There are many activities that are more dangerous than MJ usage that are not just allowed, but indeed encouraged and heavily subsidized, by the state, high school football being an example. Sometimes it’s in the public interest to regulate a behavior, but that doesn’t mean that making it illegal is the way to go most of the time.

For instance, I’m quite happy to treat MJ use as a public health problem, but legal prohibition has done more to damage civil liberties in this country than nearly anything over the last forty years. A large chunk of the people in jail are there because of the draconian drug laws. Law enforcement has had major distortions of its incentives over the years because of dubious removal of property: look up forfeiture sometime.
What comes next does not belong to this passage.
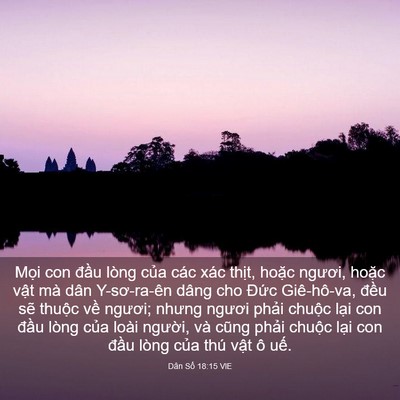 Picture 03 - Dân Số 18:15 VIE - Mọi con đầu lòng của các xác thịt, - Bible Verse Picture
The price of MJ is high not because it’s expensive to grow but because of its prohibition. Much of the violence in that sort of market happen because it’s a black market. If you could buy Philip Morris’ manufactured Rasta Man Ganja down at the Circle K (with a nice big tax funding public health measures) you’d see the prices go down, the violence and criminality sucked out of the market, the cops being able to go back to what they should be doing, etc.

I will leave any religious/ethical arguments to others more qualified to make them.

Angry Midwesterner
Alcohol in moderation improves your health with no ill effects.

Smoking “in moderation” permanently impacts your health negatively.

Mildly Piqued Academician
As I said, so do a lot of things that society actively subsidizes.

My general principle is this: The state has to be very, very careful about what it regulates of the behavior of consenting adults.

Angry Overeducated Catholic
Really, is there any evidence, any at all, that MJ has worse societal effects than alcohol? Given the incredibly lethal effects of drinking and driving, the role of alcohol in domestic abuse, assault, and manslaughter, I suspect the public health case can very easily be made against alcohol.

People can take cocaine, MJ, tobacco, heroin, and a wide variety of other drugs in a way that impacts their health less than contact sports, skiing, or most extreme sports. And some do. Many, of course, abuse those substances and come to a bad end. But far, far more abuse alcohol and destroy their lives.

Along AM’s lines, the Temperance movement was 100% correct, and Prohibition was the correct and proper thing to do. And, in fact, it was successful, in that it massively reduced alcohol consumption and, especially, public drunkeness (which was the point). It also, of course, built criminal and political empires.

In both respects, just like the War on Drugs.

Angry New Mexican
Or, to paraphrase Dennis Leary:

They say marajuana is a gateway drug. As far as I’m concerned, marajuana only leads to one thing: carpentry. Because once you start smoking you want to turn everything into a bong.

Angry Midwesterner
My concern is the following:

  • Can it be done in moderation?
  • Does its use necessarily impact those around you?

So temperance was wrong.

Mildly Piqued Academician
Given the incredibly lethal effects of drinking and driving, the role of alcohol in domestic abuse, assault, and manslaughter, I suspect the public health case can very easily be made against alcohol.

Of course it can.

Alcohol (like many other drugs) can be used in a totally responsible fashion, but is frequently abused to varying degrees. The question of whether this is something we put up with, treat as a public health issue (education, rehab) or as a legal matter (these are not exclusive, of course) is a different matter.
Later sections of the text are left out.